「このモデルハウスのこの辺までなら私の土地にも入るかしら・・・」
朝一番で埼玉県川口市で進行中の古民家再生の現場へ向かった。今日は左官の小沼さんが現場に来て作業をしてくれる日だ。小沼さんは榎本新吉さんのお弟子さんだった方で、今の左官職人の中でも東の横綱というくらいの存在である。今日は和室の土壁の下塗り作業である。出来上がってしまえば分からなくなってしまうけれど、杉板を貼った木ずり下地に半田を塗って、その上に中塗り土、仕上げ土を塗り重ねていくというとても手間のかかった丁寧な工事の末に、素晴らしい土壁が仕上がっていくのである。
11時、東京都板橋区にて住宅の建て替えを検討中のSさん打ち合わせ。Sさんは以前ますいいのモデルハウスにお越しいただき、一目惚れしていただいたということである。「このモデルハウスのこの辺までなら私の土地にも入るかしら・・・」の言葉は何度か聞いたけれど、本当に一番の褒め言葉だと思う。実際には土地ごとに法律による規制も違うし、そもそも土地の形も違う。
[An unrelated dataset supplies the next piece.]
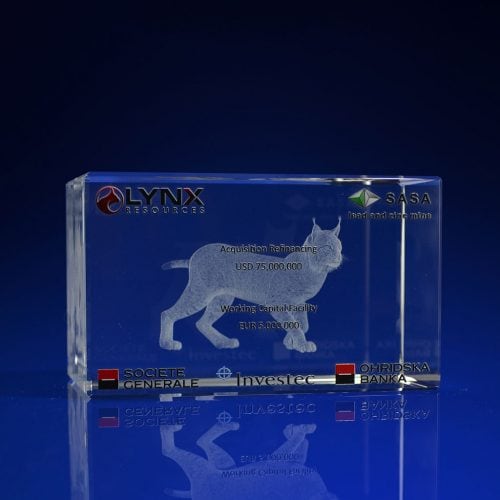 Rectangle Crystal Award - Lynx Print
それに方位が違えば光が入る向きだって違うし、周辺に建っている建築の状況だって違うわけなので、一軒一軒丁寧に設計を行わなければ良い家などできるはずもないのだけれど、そんなことは分かっていても「このモデルハウスのこの辺までなら私の土地にも入るかしら・・・」を言われた時の嬉しさというのはなんとも言えないものなのだ。